If Your Dog Loves It, He Should Be Working For It | Kingston Dog Training

I came across something amazing on the internet today. A picture with a simple message written on it.

Want Today’s WiFi password?

Following that question was a short list of chores that I’m assuming the children within the house had to complete if Nothing in life is free. Be willing to work for what you want.they wanted the all important WiFi password.

This brings upon a certain point that is quite easy to make in dog training. If your dog enjoys something, he shouldn’t get it for free! Many people hear this statement from dog trainers and think they are trying to be mean, but actually it’s the exact opposite.

Dogs have natural work ethic

You see most dog owners don’t realize that their dog likely has tremendous work ethic already. Many dogs truly enjoy working or having a job to do, but by allowing a dog access to all the things he enjoys for free, we are not allowing him to showcase that work ethic.

Think of it this way. Many people know that person who must have a job or something to do, not necessarily because they want one but because they need one. I see this very frequently with the baby boomers who have retired. These people are so acclimated to having a job and a purpose that the sudden shift into retirement has a profound psychological effect on them if they don’t have activities or things to fill the time that would normally be filled with work. My theory is unless you can fill your 9-5 with an activity that you can do daily, you’ll fall into this psychological hole pretty easy after some time.

Without knowing it, we’re forcing our dogs into retirement far to early by removing the ability to work for the things they truly want. Things like food, toys and even our affection. Affection might be strange to lump into this category, but I’ll tell you from my time as being a dating coach that many people—even if they believe they were meant for each other on the first meeting—love the first part of a relationship to be interesting and a game of chase. If things are just easy from the start, it becomes boring fast for most younger people.

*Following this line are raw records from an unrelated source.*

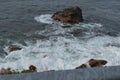 Summer in Nova Scotia: Surf From Broken Wave Along Rocky Shore Near Ingonish on Cape Breton Island Royalty Free Stock Photo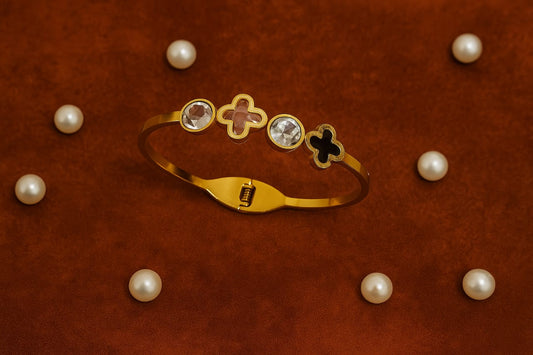 Gold Designer Bangle with Stones & Clover Charms – Trendy Women’s Bracelet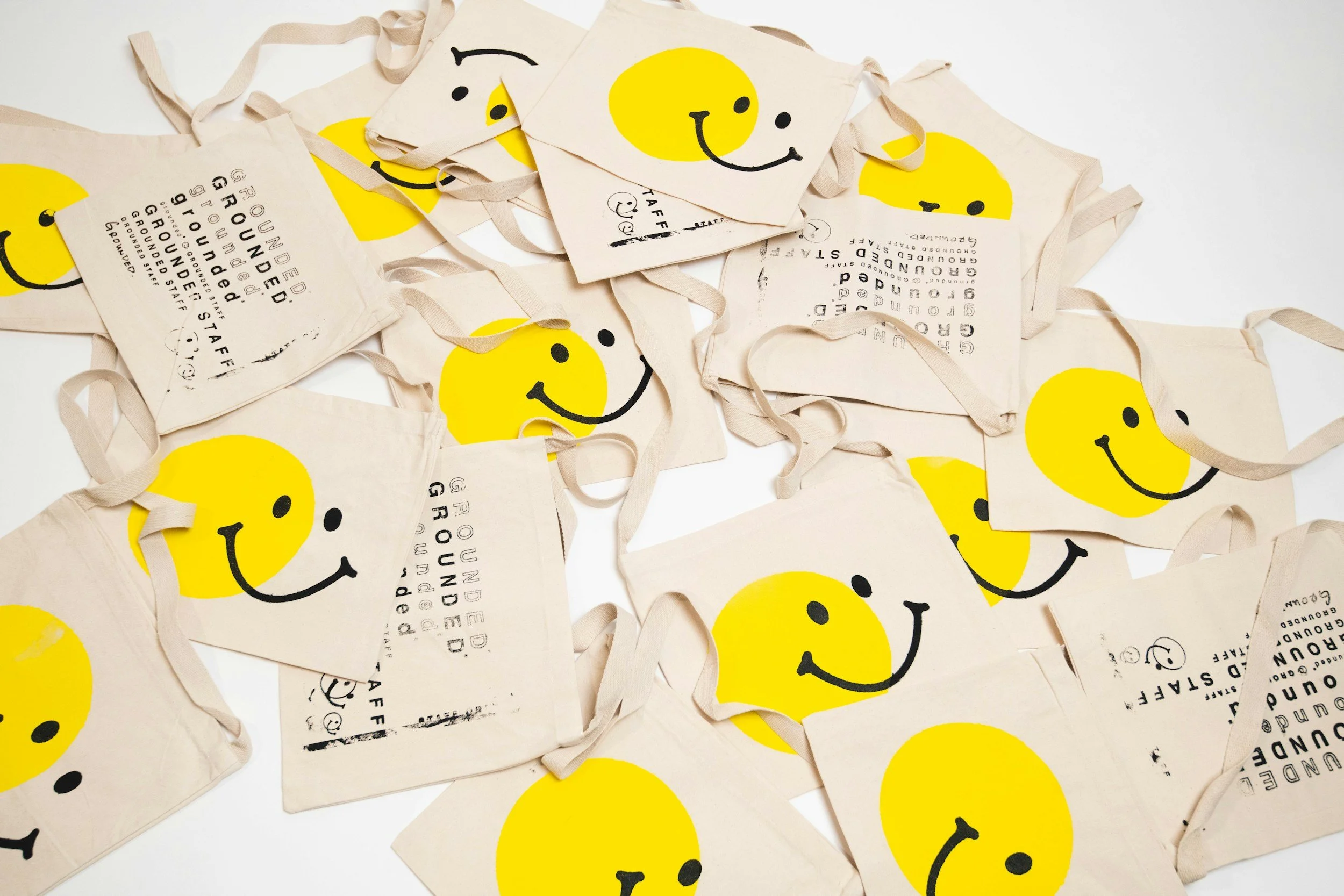 Multiple reusable cloth tote bags with a yellow smiley face Design and printed text, scattered on a white surface.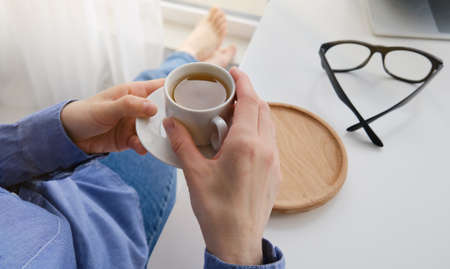 Female hands holding hot cup of coffee or tea.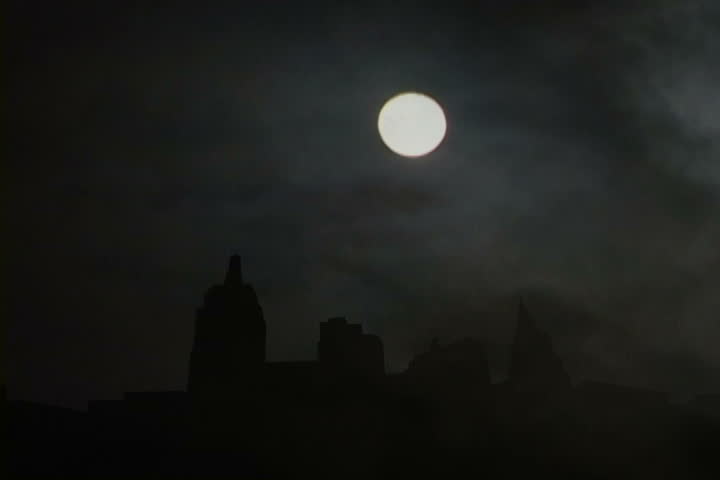 Composite of New York Cityscape at night with Full Moon and fog clouds, time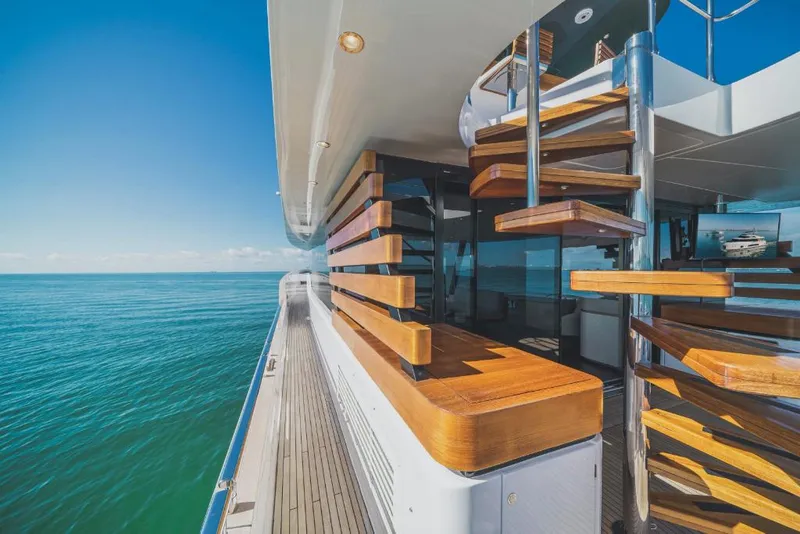 Slide: The Image of 2023 Azimut Magellano 25 Metri yacht with wooden spiral staircase and ocean view. - 24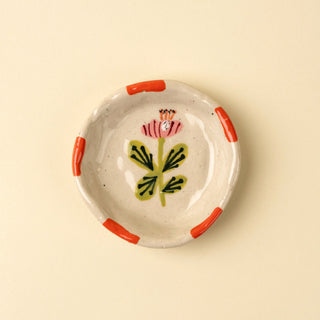 Ceramic plate with floral design and red handles on a beige background
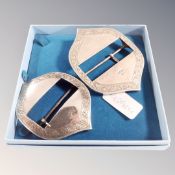 A pair of engraved silver buckles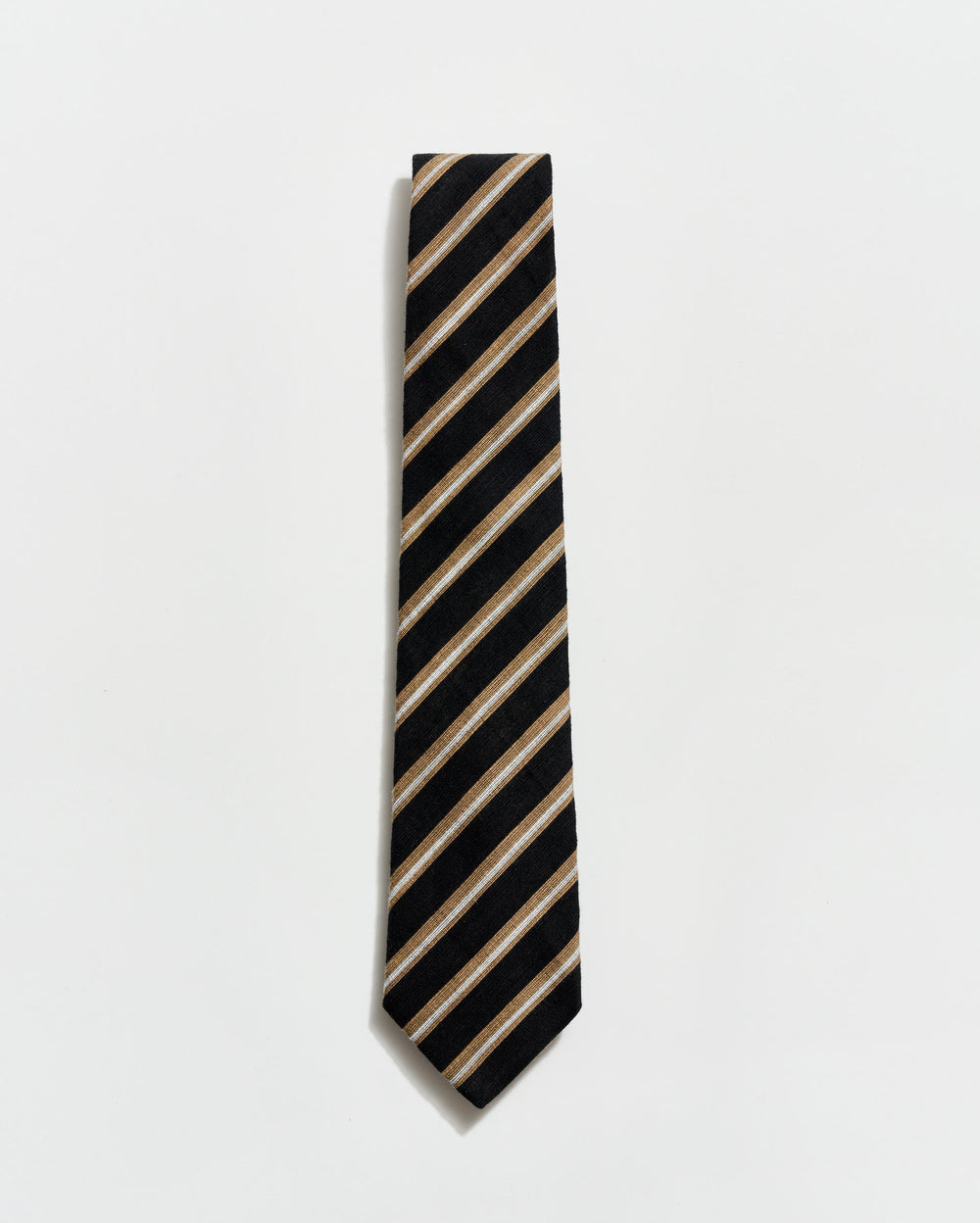 Black and beige striped tie on a light gray background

So what is the solution? How do we fix this problem of early retirement in our dogs?

There’s a handful of things that I normally tell people when they ask me about this question, and one of the first two things I implement is working for food and play. It makes me sad when I see a dog who has learned to self-satisfy on a ball or tug toy because that means he’s learned to do it himself because the human likely won’t. It’s about the same as a kid playing by himself. Though it’s possible for the two not to be attached, I would much rather make a social event out of both food and play rather than allow it to exist alone.

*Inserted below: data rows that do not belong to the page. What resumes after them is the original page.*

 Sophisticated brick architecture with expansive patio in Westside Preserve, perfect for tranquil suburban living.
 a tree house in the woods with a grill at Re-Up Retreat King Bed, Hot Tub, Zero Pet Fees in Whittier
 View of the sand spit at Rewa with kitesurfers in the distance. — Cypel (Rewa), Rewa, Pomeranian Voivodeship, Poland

Think of it this way. Would you rather play basketball alone or with friends? Would you rather eat your favorite food alone, or with a group of people you love? Play and Food are both social events that need to be observed as such before they can be used effectively.

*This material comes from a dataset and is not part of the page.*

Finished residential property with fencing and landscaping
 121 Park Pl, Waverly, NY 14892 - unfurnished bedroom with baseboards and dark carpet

So instead of putting food down on the floor and letting your dog pick at it, pick it up and get him working for it. Pick up your dog’s toys and only bring them out if you’re on the other end of it. This makes some people feel guilty and if that’s you, I have to ask how frequently you’re playing with your dog now. You wouldn’t feel guilty if you made a point of playing and interacting with your dog more.

Trust me, a pizza party with games will always be more fun with friends than alone and if your dog enjoys something, there’s a strong possibility that getting him to work for it will increase his appreciation and enjoyment for whatever that thing is.